(Provided data begins)

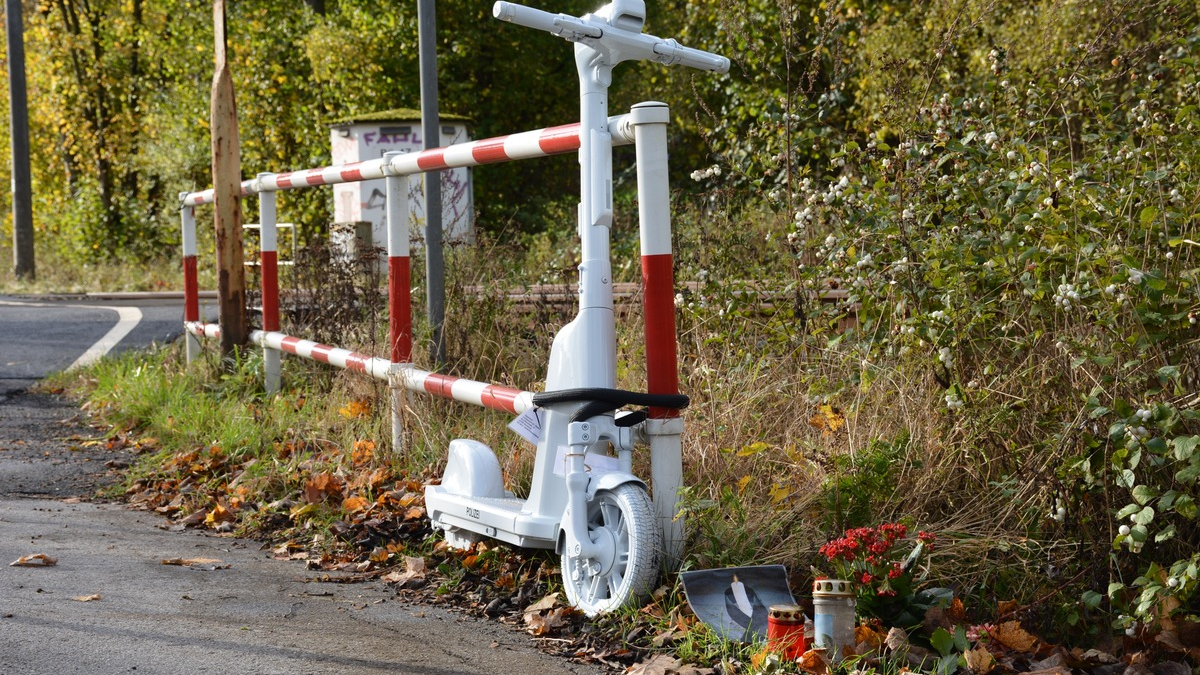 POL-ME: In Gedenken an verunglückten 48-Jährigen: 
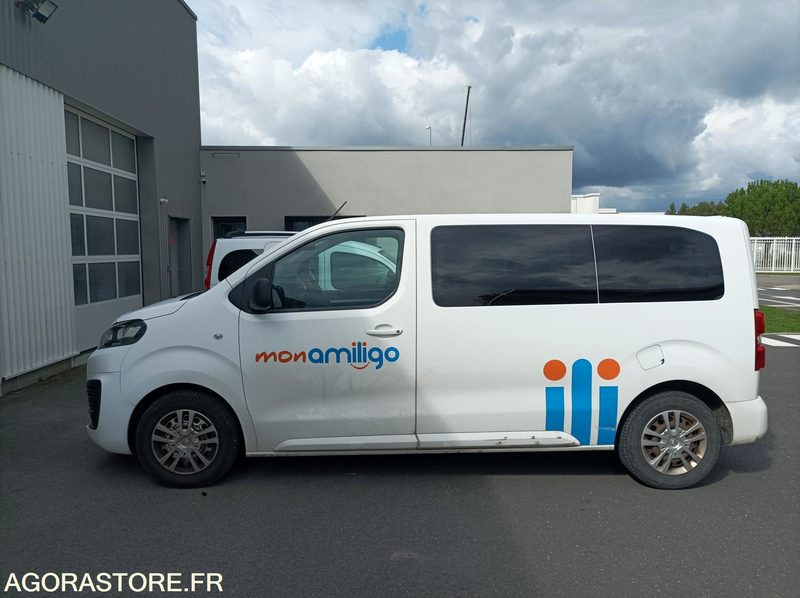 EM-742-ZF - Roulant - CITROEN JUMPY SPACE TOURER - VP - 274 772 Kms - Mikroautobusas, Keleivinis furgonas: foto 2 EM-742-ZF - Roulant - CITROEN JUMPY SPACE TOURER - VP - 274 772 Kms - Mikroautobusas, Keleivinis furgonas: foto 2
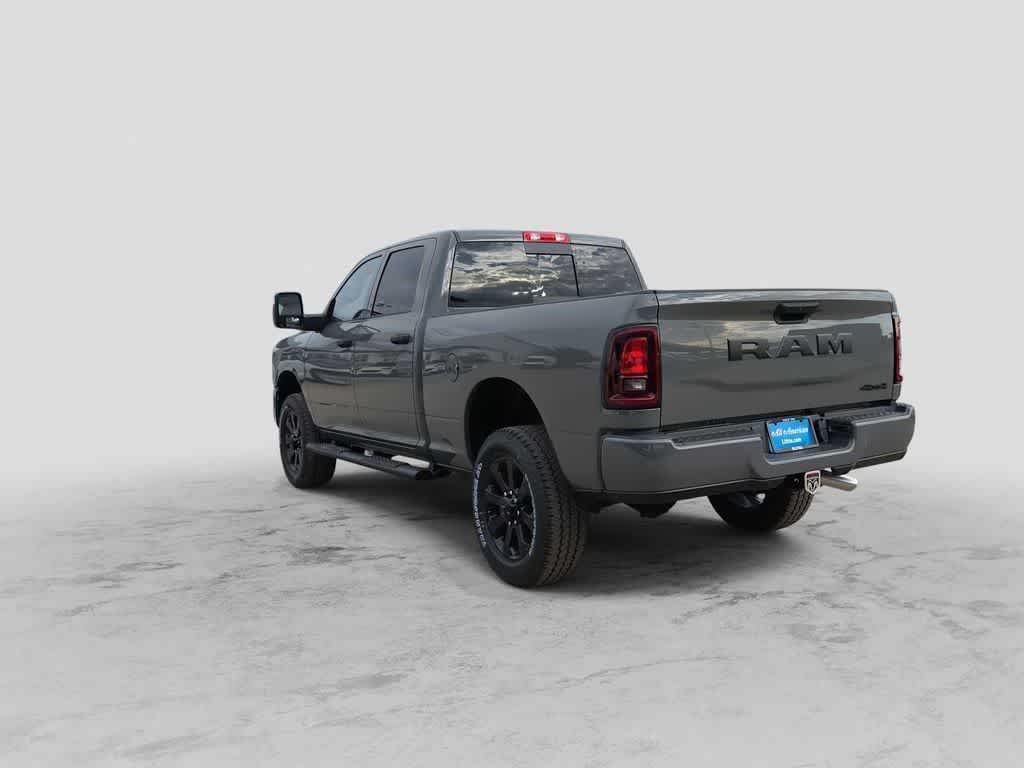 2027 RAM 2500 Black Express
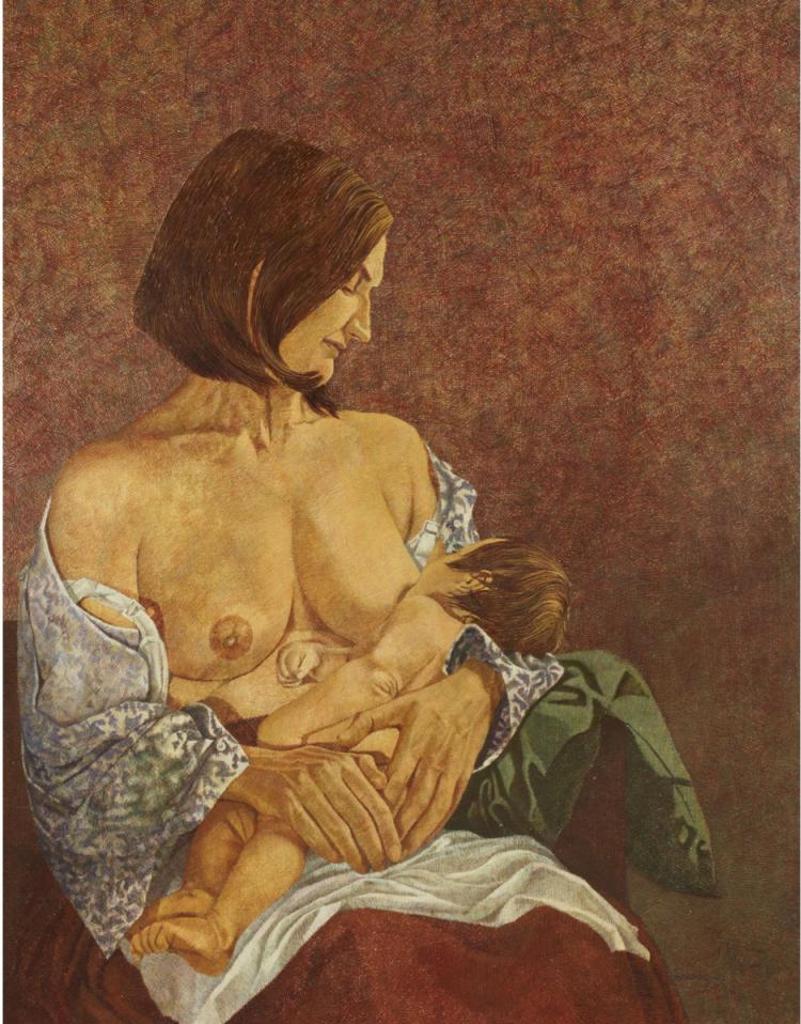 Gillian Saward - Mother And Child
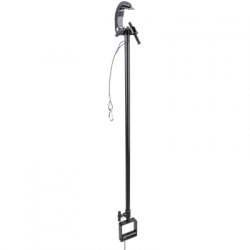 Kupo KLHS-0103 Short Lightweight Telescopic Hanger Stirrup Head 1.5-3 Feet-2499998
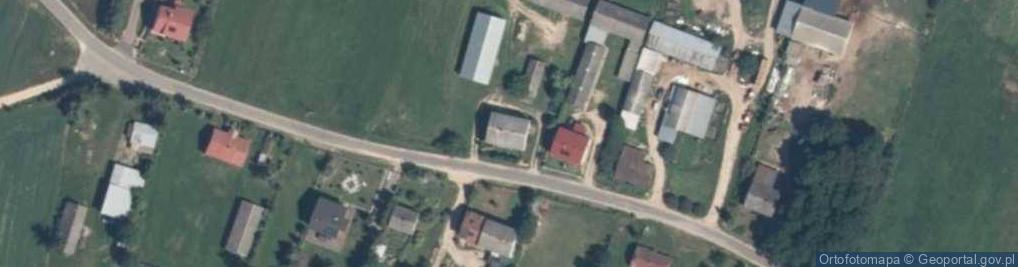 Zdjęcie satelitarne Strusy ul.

(Provided data ends)

• _Try it_
Omit the pictures, then set down all the remaining data exactly as given.

• _Answer below_
 POL-ME: In Gedenken an verunglückten 48-Jährigen: 
 EM-742-ZF - Roulant - CITROEN JUMPY SPACE TOURER - VP - 274 772 Kms - Mikroautobusas, Keleivinis furgonas: foto 2 EM-742-ZF - Roulant - CITROEN JUMPY SPACE TOURER - VP - 274 772 Kms - Mikroautobusas, Keleivinis furgonas: foto 2
 2027 RAM 2500 Black Express
 Gillian Saward - Mother And Child
 Kupo KLHS-0103 Short Lightweight Telescopic Hanger Stirrup Head 1.5-3 Feet-2499998
 Zdjęcie satelitarne Strusy ul.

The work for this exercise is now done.